Task details:
Nothing but the lines from the one containing "Kaderi Değiştiren Üvey Anne poster" through the last line of the records below should be copied, exactly and without pictures.

Short descriptive text snippets

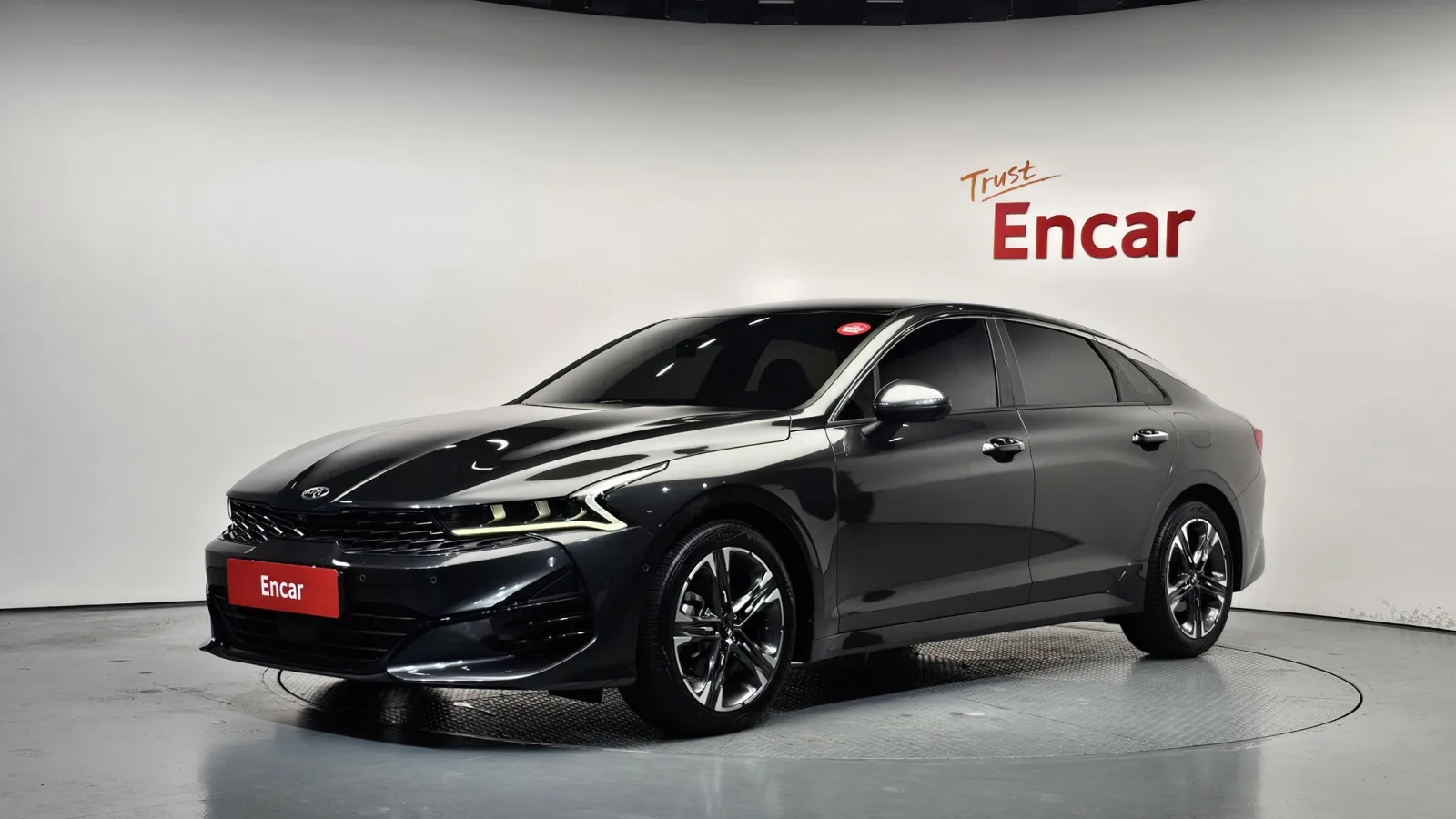 2020 Kia K5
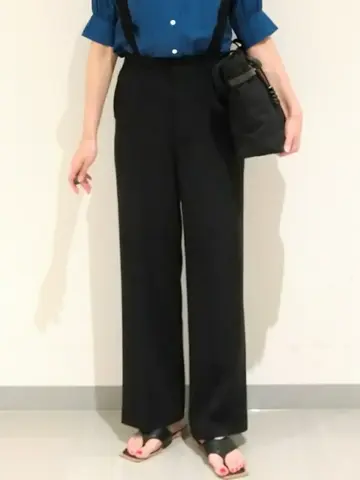 23区 奥山 コーディネート画像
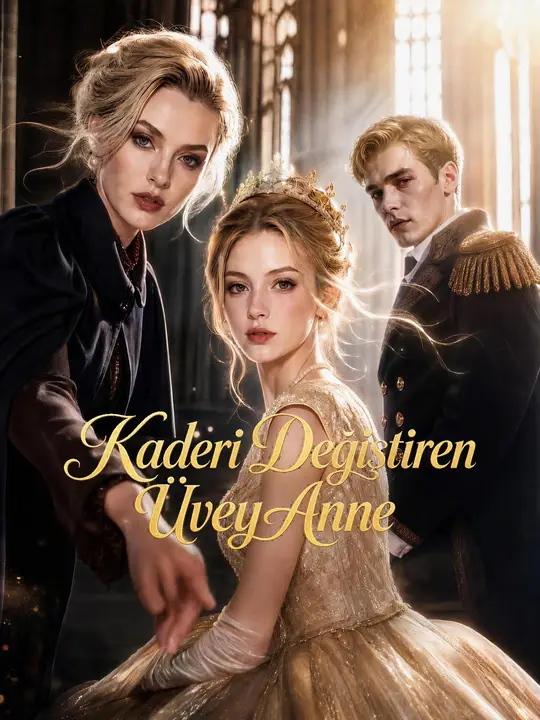 Kaderi Değiştiren Üvey Anne poster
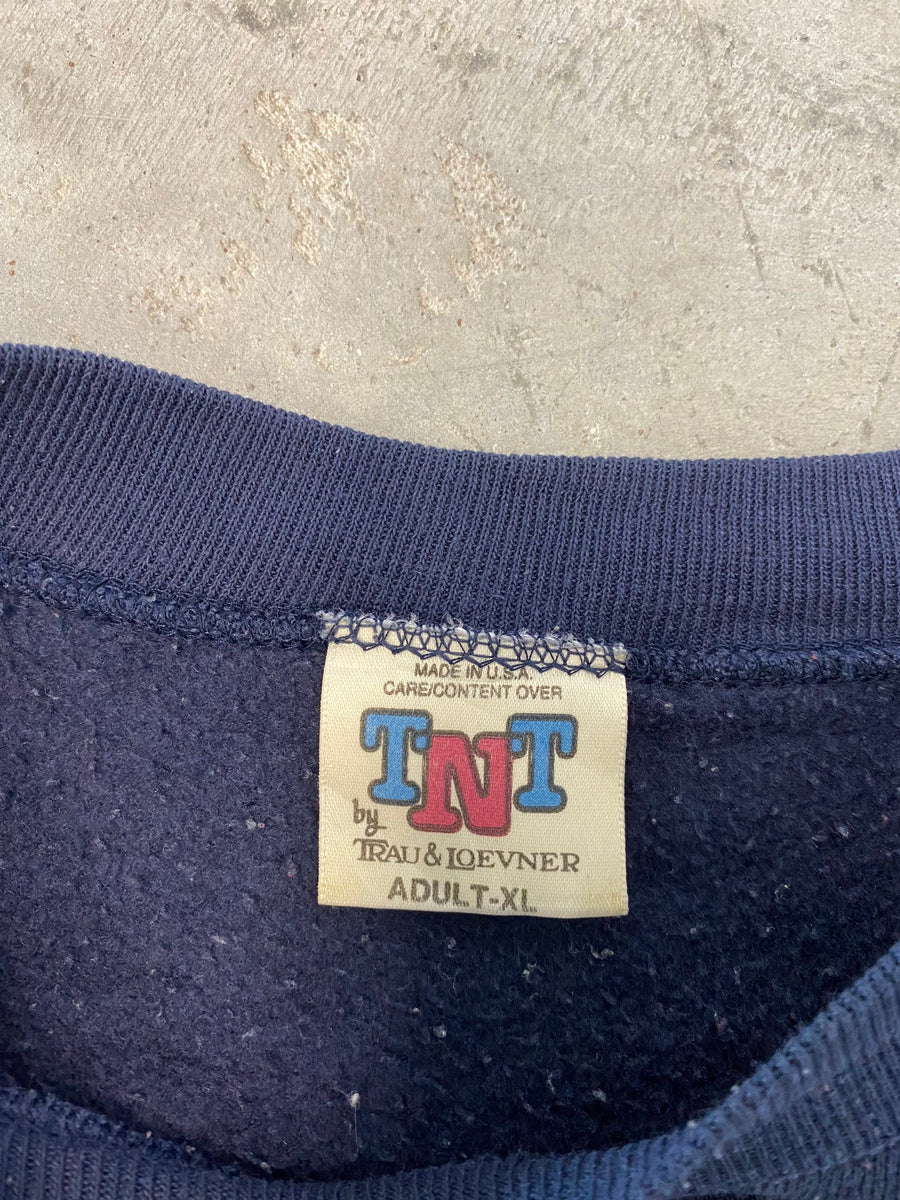 Vintage 90s Penn State Nittany Lions Sweatshirt Size XL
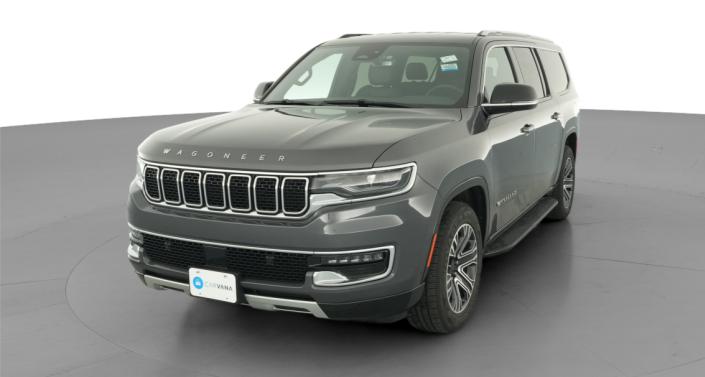 Thumbnail: 2024 Jeep Wagoneer - 1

Task answer:
 Kaderi Değiştiren Üvey Anne poster
 Vintage 90s Penn State Nittany Lions Sweatshirt Size XL
 Thumbnail: 2024 Jeep Wagoneer - 1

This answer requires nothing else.